The Lost World ends up repeating many of the same plot points and characters. Seriously, most of the characters seem interchangeable with their Jurassic Park counterparts. The engineering professor Thorne is a gruff, physical, materialist character like Grant. Eddie Carr is a young, out-of-his-depth city kid like Ed Regis (he even has the same first name, while his last name bluntly echoes his role as mechanic); Carr, unlike Regis, is actually heroic, but he also meets a grisly fate. Dodgson returns to take on the direct role of greedy and corrupt villain that Nedry previously inhabited. Malcolm rises from the dead to be Malcolm again (his return from a very clear death in the first book echoes the return of Sherlock Holmes from death, which seems fitting given the heavy debt Crichton obviously owed to Arthur Conan Doyle’s own Lost World). Harding is the new Sattler. Kelly and Arby are the new Tim and Lex. Levine is…I don’t know who the hell Levine corresponds with, but he’s obnoxious as hell. In fact, Levine’s survival to the end and Carr’s death are supporting evidence for my theory that The Lost World was largely Crichton’s attempt to correct perceived errors in the original book–we move away from moralistic death scenes to having characters killed or surviving by random chance (even Howard King on the villain’s team really is a sympathetic guy after all and doesn’t “deserve” his horrifying death at the hands of the raptors).
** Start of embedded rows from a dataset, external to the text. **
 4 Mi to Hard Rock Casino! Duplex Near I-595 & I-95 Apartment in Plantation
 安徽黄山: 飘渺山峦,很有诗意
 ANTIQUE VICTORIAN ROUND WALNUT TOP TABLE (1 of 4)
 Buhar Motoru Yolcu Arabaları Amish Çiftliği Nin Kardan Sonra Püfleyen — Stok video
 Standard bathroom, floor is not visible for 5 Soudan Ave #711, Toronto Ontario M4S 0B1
I have to wonder why Crichton decided to focus on the characters he settled on. Grant’s absence is especially jarring. Book Grant escapes the Jurassic Park crisis more or less unscathed. He was quick-thinking and quick-acting. Sometimes his plans worked great, sometimes they backfired, and sometimes he survived by luck alone. But he kept persevering. He was always the scientist, even seeking out the raptor nest voluntarily when he could have stayed safely back at the control center. He was intrigued by the raptor behavior up until he was evacuated. Knowing there was another island would easily perk up the Grant of the novel and motivate him to launch another expedition.
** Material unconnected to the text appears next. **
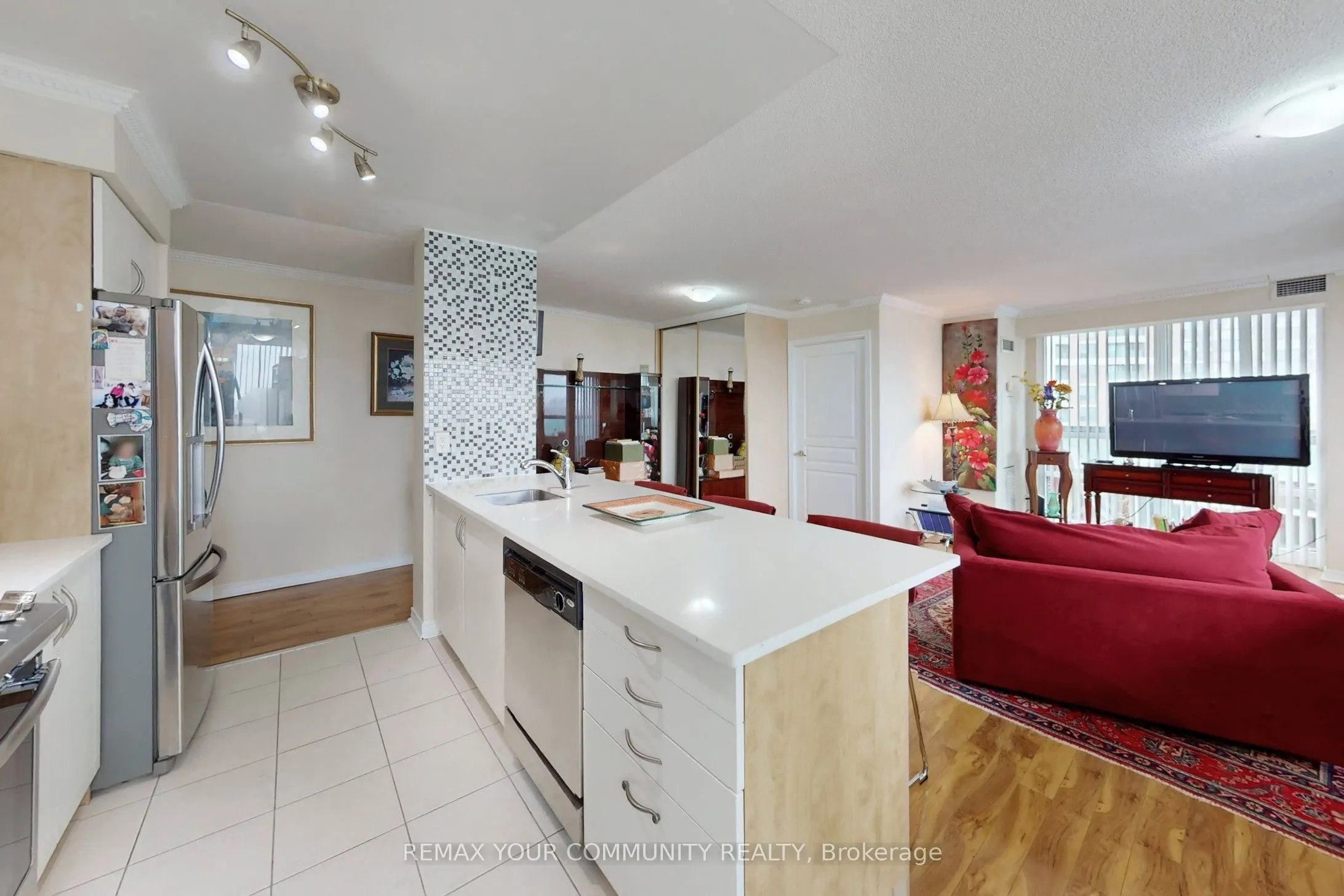 503 Beecroft Road #607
Instead, we have Malcolm–a character Crichton had to bring back from the dead–in the main role. Film Malcolm was heavily traumatized by his experiences; book Malcolm suffered even worse and carried physical traumas for years afterward, so his willingness to look for and go to yet another island feels arbitrary. Plus, he’s now focusing on evolution and extinction events, trying to apply chaos theory to the subjects (yawn) and acting like an expert in a field he didn’t know anything about until after Jurassic Park. And then we have Levine, a sniveling, foppish nuisance, as a new paleontologist brought into the fold (who is far less likeable than Grant). Finally, Thorne takes on Grant’s physical traits and personality. So we now have three characters in Malcolm, Levine, and Thorne to represent Grant’s role as protagonist, paleontologist, and outdoorsman.
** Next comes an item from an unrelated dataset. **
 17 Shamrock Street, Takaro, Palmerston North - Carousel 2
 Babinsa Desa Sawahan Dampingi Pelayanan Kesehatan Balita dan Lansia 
While I genuinely like Sarah Harding, I wouldn’t have minded seeing Grant and Sattler launching an expedition to discover a continued source of dinosaurs following the events of the Jurassic Park crisis. And since Harding is basically a stand-in for Sattler (young, competent, intelligent, attractive, and an expert in her field), Harding would become less necessary (although really, having more than one woman as protagonist wouldn’t be the end of the world, jeeze). And there were already dangling threads for a sequel in Jurassic Park that were never explored: we know that some animals made it into the mountains of Costa Rica and were surviving with targeted diets (and they were probably velociraptors and procompsognathids), and we know that InGen still had ample genetic materials at its main base in California.
I understand the impulse to have Dodgson return–he’d want to make good on his promises of dinosaur embryos in the first book, and he’s already an established villainous character. But his cartoonish brand of villainy, yet another evil corporate type, makes him an uninteresting character to spend time with. I liked the larger-scale InGen expedition to recover resources launched in The Lost World film–the villain wasn’t so much Peter Ludlow as it was simple corporate greed, embodied by Ludlow, yes, but existing regardless of what he did. Ludlow was just a guy trying to salvage his company; he was arrogant and greedy and too-slick, but he was just embodying the failings of an institution. He was his own person, not defined simply by greed, and he had ambition (now that I’m thinking about it, Ludlow is rather like the book version of Hammond, greedy and exploitative to a fault and lacking in empathy but not really evil).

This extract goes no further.